**Task requirements**
Below are some records. Write out exactly their lines from the one with "This is my hunting" through the one with "Select the proper", and leave the pictures behind.

**Exercise data**
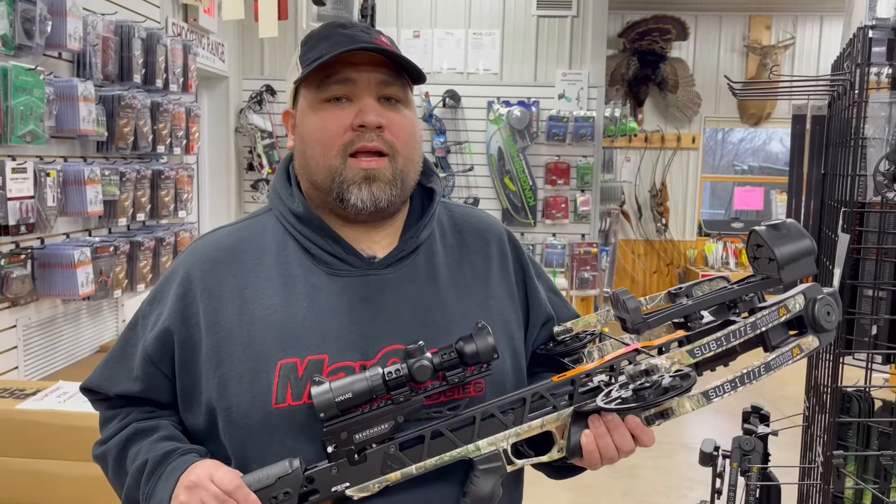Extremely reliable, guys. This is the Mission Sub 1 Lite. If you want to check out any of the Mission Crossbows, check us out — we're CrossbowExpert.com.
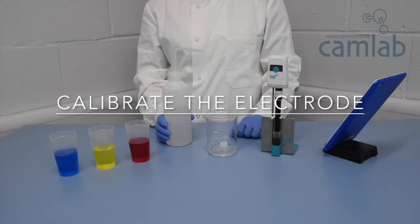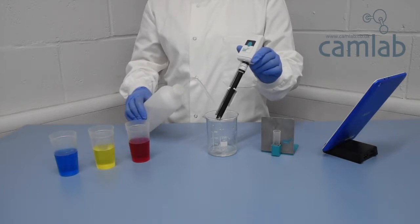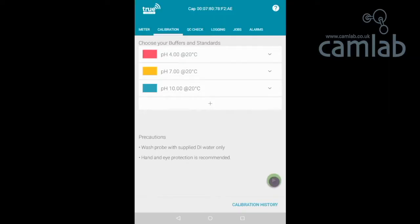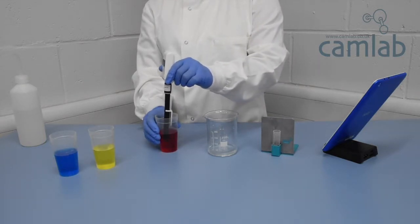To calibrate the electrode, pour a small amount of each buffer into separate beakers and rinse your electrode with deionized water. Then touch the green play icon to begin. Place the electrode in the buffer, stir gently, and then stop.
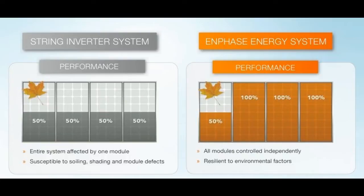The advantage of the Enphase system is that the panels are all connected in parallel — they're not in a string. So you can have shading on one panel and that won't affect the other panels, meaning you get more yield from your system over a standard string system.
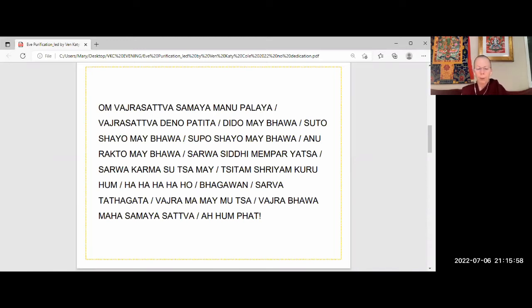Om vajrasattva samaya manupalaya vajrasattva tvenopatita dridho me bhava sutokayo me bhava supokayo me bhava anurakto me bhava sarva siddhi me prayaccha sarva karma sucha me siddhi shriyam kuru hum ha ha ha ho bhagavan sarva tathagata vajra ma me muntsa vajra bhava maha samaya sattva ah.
---
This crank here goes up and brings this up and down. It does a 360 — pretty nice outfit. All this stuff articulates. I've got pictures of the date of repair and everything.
...
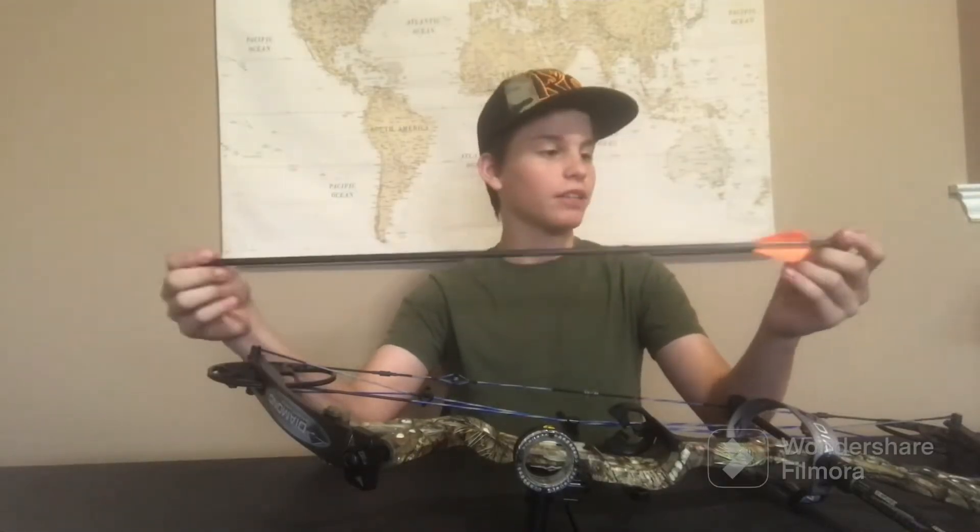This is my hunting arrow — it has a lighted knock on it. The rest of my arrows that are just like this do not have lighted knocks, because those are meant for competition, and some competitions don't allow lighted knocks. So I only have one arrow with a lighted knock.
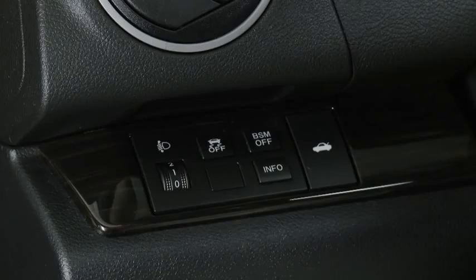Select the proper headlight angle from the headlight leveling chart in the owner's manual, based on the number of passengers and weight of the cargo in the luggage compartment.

**Result of the exercise**
This is my hunting arrow — it has a lighted knock on it. The rest of my arrows that are just like this do not have lighted knocks, because those are meant for competition, and some competitions don't allow lighted knocks. So I only have one arrow with a lighted knock.
Select the proper headlight angle from the headlight leveling chart in the owner's manual, based on the number of passengers and weight of the cargo in the luggage compartment.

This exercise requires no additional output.